Vance’s ideas are not unique to the Trump campaign.
For example, the budget proposal for 2025 by the Republican Study Committee, which includes most members of the Republican caucus in the House of Representatives, recommends eliminating many of the existing protections for people with pre-existing conditions. This includes allowing states to offer separate risk pools for younger, healthier people.
Experts say high-risk pools can theoretically work if they are sufficiently subsidized by the government. For more than 35 years before the Affordable Care Act was passed, both red and blue states used high-risk pools to cover people with steep medical conditions separately from the rest of the insurance market.

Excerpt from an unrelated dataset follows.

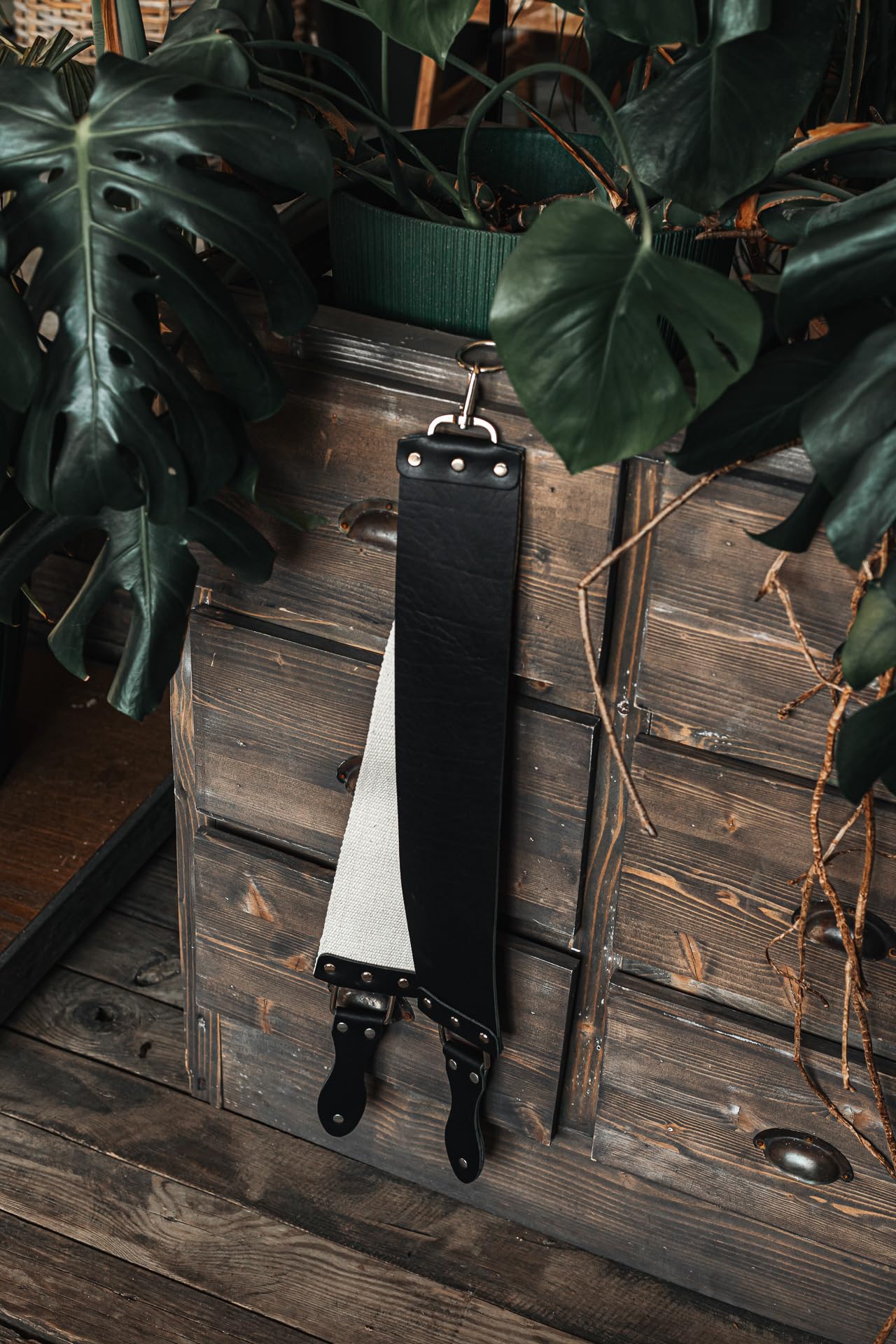 Razor Strop - Barber's Latigo Leather Straight Razor Strop. Dual Strap that will be a Great Addition for Any Straight Razor. PREMIUM LEATHER Strop for Sharpening. (Black)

But the funds did not have sufficient resources and so they rarely managed to cover the people who needed insurance most.
“I have never seen an example of them ever being done right,” Wright said.
Polls show that voters want to be informed about plans to reduce health care costs. And according to a KFF tracking survey According to a poll released earlier this month, voters believe Vice President Harris will do better than Trump in the fight over health care costs by a 48 percent to 39 percent margin.
Democratic groups are also portraying Trump as an “existential threat” to drive voters to the polls.
The Democratic-aligned group Protect Our Care is launching a bus tour through battleground states on September 23 under the slogan “Lower Costs, Better Care.” The tour aims to highlight the efforts of the Biden-Harris administration while “raising the alarm about the threat that Donald Trump and MAGA Republicans pose to America’s health care system.”